What sort of information retrieval system would you build if you knew that all the users of your system would be expert or highly-motivated amateur searchers? What sort of system would you build when you have a very large collection of unstructured information, and the goal in searching that information is not to find one document (e.g. navigate to a home page), but to find (a) relationships between documents, or (b) large sets of documents that all pertain to a single topic? How would your algorithms be different? How would your interfaces be difference? How would the process itself (that middle layer in between algorithms and interfaces) be different?
Via Daniel Tunkelang’s recent post, I think that Government information might be a perfect domain in which to ask (and answer) these sorts of questions. The U.S. Open Government Initiative has as its goal the release of loads of raw government data for use by any individual or organization. How are people going to use this data? What types of questions will they ask?

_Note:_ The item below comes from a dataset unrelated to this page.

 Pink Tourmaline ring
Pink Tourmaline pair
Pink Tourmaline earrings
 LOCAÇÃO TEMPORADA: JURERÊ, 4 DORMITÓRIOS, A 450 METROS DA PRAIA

What types of questions could they ask, if given the proper tools (i.e. what might they not know that they want to ask, until it becomes possible?)

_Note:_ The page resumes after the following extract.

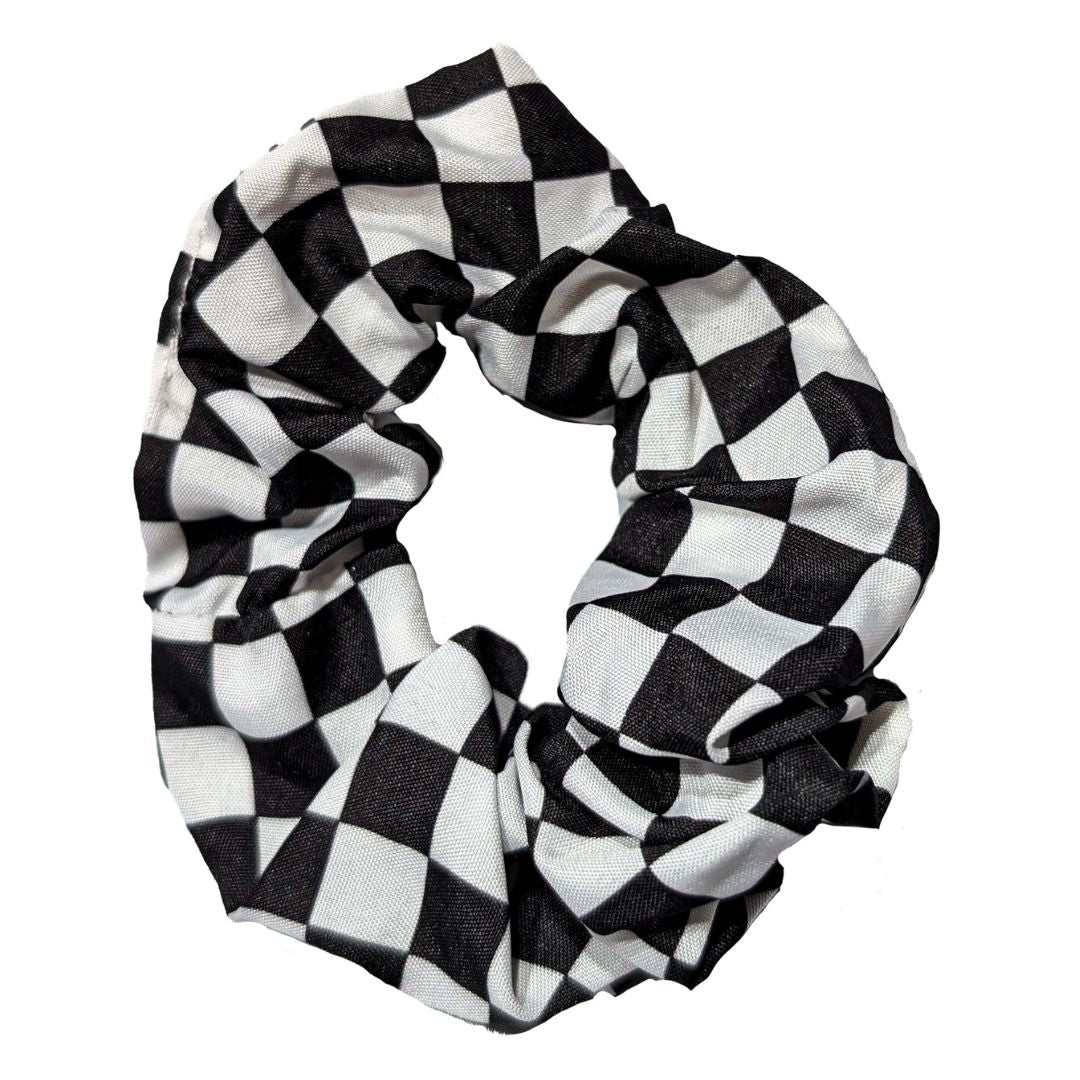 Scrunchie med schacktema hårelastik med medelstora schacktärningar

Two types of information retrieval might be perfect for this domain: Exploratory Search and (Explicitly) Collaborative Search. In exploratory search, the goal of your information seeking is to learn, discover, compare, contrast, etc. In explicitly collaborative search, your goal is to do something similar, but with another set of like-minded partners working with you on the same task/topic. Each partner may have different expertise; one may be an expert in energy policy, another might understand trade and commerce, and another might have experience with the inner workings of Congress and understand how it works on a practical level. If you put all these people together right now, the only way they can work together on a shared task is to search separately and then email each other their results. What if, however, you could design a system that not only mediated between them on an interface level (immediate notification of marked documents and passages, shared highlighting of seen documents, etc.) but mediated between them on an algorithmic level as well? Algorithmic mediation of the collaborative process would mean that the retrieval system itself has a hand in both combining and partitioning the inputs and actions of the search team members, as necessary. They might then be able to find important, valuable information that none of the searchers, had they been working alone, could have.
It seems like an interesting domain, and one with real, potentially quite important consequences and societal implications. It will be interesting to watch as this develops.